Image-caption web data =
- - -

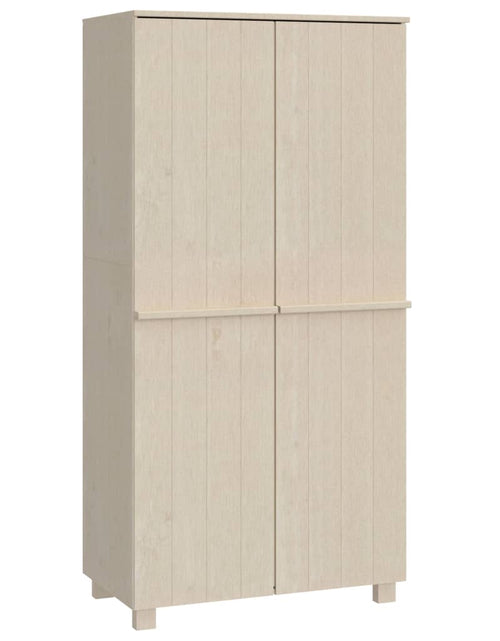 Încărcați imaginea în vizualizatorul Galerie, Dulap haine „HAMAR” maro miere 89x50x180 cm, lemn masiv de pin - Lando

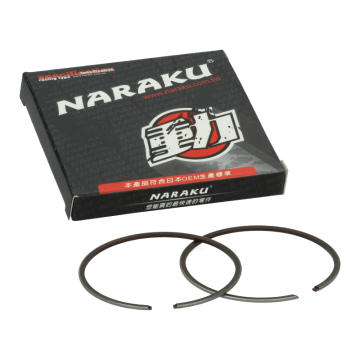 Zuigerveren Naraku 70cc / 47mm voor Piaggio & Vespa 2 Takt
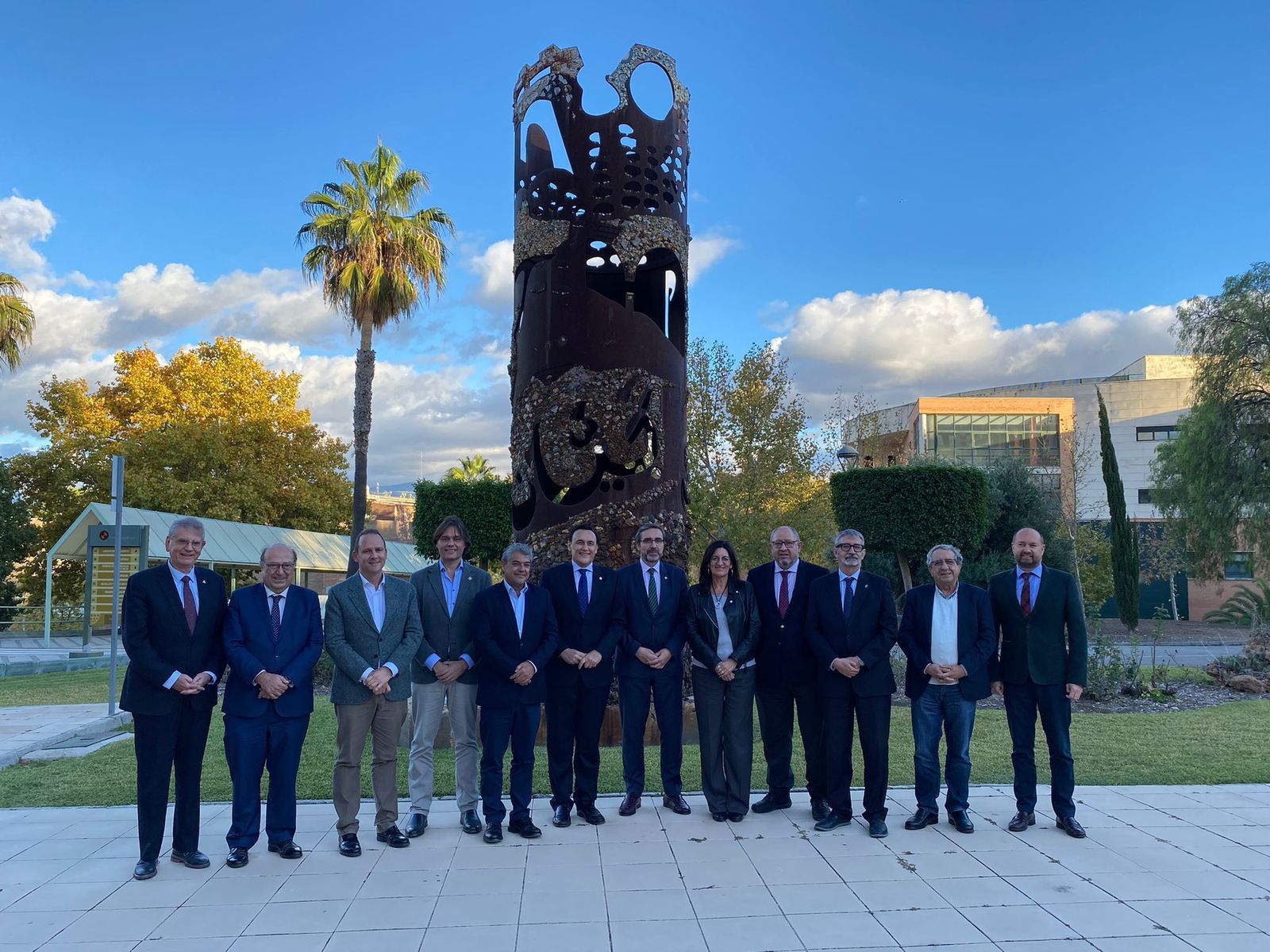 Rectores de las universidades andaluzas.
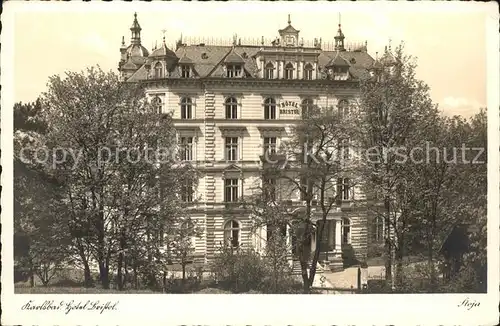 Karlsbad Eger Boehmen Hotel Kat. Karlovy Vary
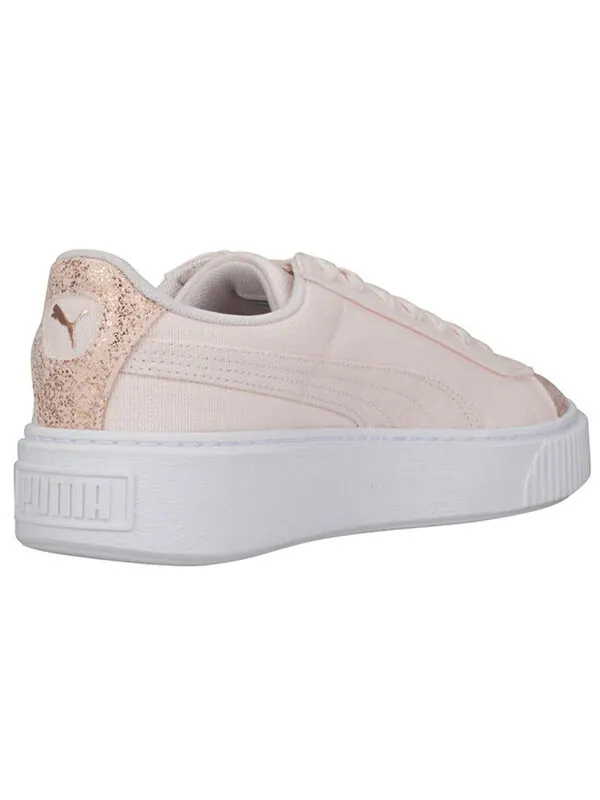 Кроссовки basket platform rose gold Puma — изображение 4 из 4, розовый золотистый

- - -

YOUR INSTRUCTIONS =
With pictures left out, repeat exactly the lines from the one containing "Rectores de las universidades andaluzas." through the last line of the data above, inclusive, and nothing else.

SOLUTION =
 Rectores de las universidades andaluzas.
 Karlsbad Eger Boehmen Hotel Kat. Karlovy Vary
 Кроссовки basket platform rose gold Puma — изображение 4 из 4, розовый золотистый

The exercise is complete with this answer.